Que les religions furent un élément constitutif des identités prémodernes et qu’elles contribuèrent à façonner les comportements économiques et les réseaux de solidarité est indéniable. En revanche, il est peu probable qu’elles aient été jusqu’à l’avènement du capitalisme moderne un obstacle au développement du commerce de longue distance et aux échanges économiques interculturels. Convaincus de l’importance de tels échanges durant le dernier millénaire malgré la force des sentiments religieux, les directeurs de la publication de Religion and Trade: Cross-Cultural Exchanges in World History, 1000–1900 ont ainsi cherché à rendre compte de l’influence des discours théologiques sur les pratiques marchandes et les capacités de coopération d’acteurs qui, en plus de différer par leurs croyances religieuses, évoluaient souvent dans des systèmes politiques et juridiques distincts.

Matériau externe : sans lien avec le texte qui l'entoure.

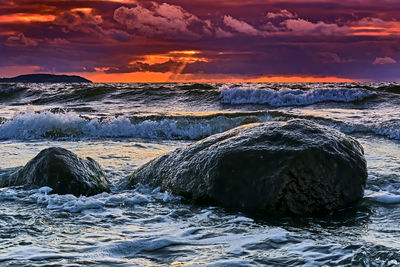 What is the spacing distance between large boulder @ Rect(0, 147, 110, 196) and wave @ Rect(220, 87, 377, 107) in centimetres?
1581

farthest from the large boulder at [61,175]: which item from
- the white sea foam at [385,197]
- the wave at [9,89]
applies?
the wave at [9,89]

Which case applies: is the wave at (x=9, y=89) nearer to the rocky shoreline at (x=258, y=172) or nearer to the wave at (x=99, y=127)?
the wave at (x=99, y=127)

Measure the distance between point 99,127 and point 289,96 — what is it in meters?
11.0

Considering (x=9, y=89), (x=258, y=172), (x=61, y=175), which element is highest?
(x=9, y=89)

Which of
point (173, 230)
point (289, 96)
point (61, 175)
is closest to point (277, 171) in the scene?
point (173, 230)

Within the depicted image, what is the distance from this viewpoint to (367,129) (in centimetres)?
1134

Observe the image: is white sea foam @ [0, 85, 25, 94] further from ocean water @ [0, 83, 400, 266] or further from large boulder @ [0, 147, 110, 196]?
large boulder @ [0, 147, 110, 196]

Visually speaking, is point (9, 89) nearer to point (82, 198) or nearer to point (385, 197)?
point (82, 198)

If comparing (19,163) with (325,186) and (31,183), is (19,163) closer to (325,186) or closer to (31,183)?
(31,183)

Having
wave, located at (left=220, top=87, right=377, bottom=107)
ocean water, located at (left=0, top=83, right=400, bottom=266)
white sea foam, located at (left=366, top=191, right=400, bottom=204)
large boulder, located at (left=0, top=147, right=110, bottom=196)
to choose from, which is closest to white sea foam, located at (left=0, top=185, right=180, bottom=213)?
ocean water, located at (left=0, top=83, right=400, bottom=266)

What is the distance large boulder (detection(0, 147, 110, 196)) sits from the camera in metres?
5.04

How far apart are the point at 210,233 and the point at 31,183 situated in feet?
8.33

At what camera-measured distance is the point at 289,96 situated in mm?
20859

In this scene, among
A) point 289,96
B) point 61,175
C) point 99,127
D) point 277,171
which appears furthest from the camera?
point 289,96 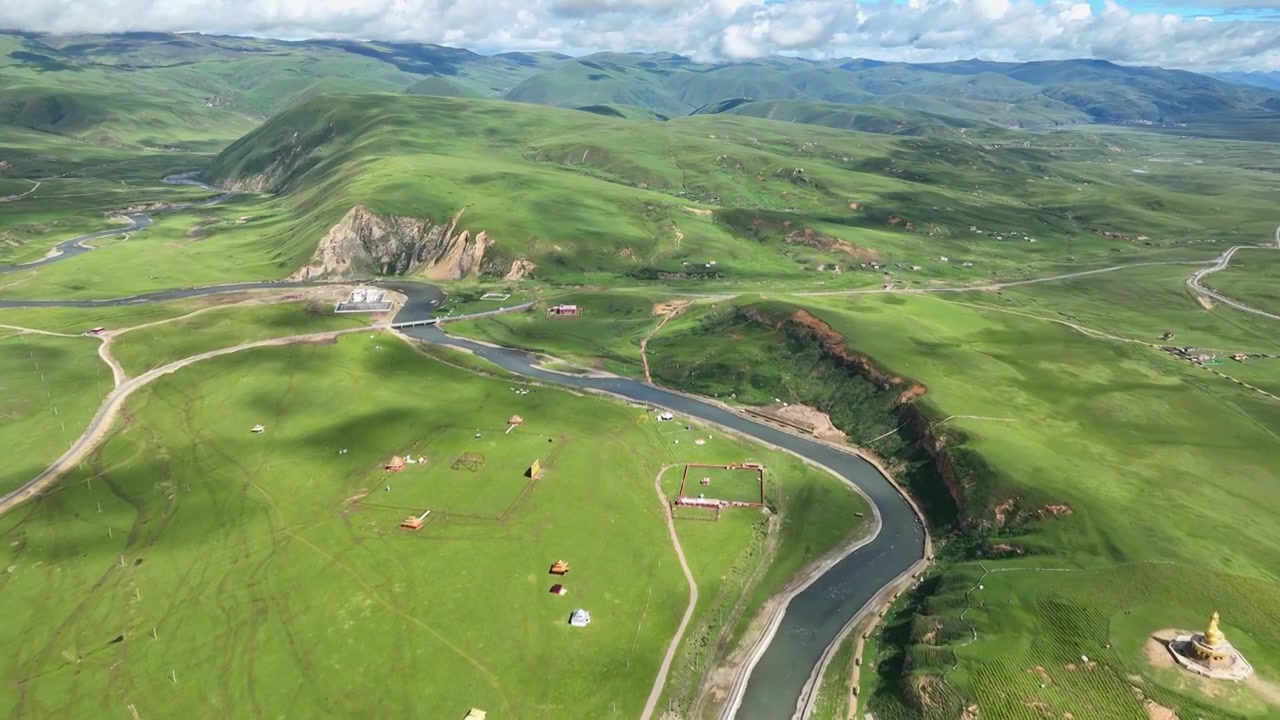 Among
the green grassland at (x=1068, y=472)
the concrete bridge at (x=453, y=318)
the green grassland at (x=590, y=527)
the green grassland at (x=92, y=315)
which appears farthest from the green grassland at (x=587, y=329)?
the green grassland at (x=92, y=315)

Pour être plus précis, comme l’explique Francesca Trivellato en introduction, les collaborateurs de cette publication sont interpellés par cinq questions d’orientation. Premièrement, sans tenir pour acquis que les affinités religieuses sont invariablement des facteurs déterminants dans la délimitation des groupes et des activités, ils se sont appliqués à démontrer dans quelle mesure les religions influencent les échanges interculturels. Deuxièmement, tandis que maints historiens supposent qu’un lien de confiance fort entre parents et coreligionnaires compense la faiblesse des institutions et désavantage les marchands étrangers, les auteurs ont cherché à réévaluer l’existence des relations de confiance qui transcendent les divisions religieuses. Troisièmement, à défaut de rapports fondés sur la confiance mutuelle, ils ont été amenés à clarifier le rôle des lois et autres structures régissant les échanges interculturels. Quatrièmement, alors que des antagonismes persistent souvent en dépit de contacts soutenus, les auteurs se sont intéressés aux circonstances dans lesquelles violence et échanges interculturels [End Page 230] peuvent survenir simultanément. Enfin, ils se sont aussi penchés sur le changement du sens des marchandises qui passaient d’un univers à un autre.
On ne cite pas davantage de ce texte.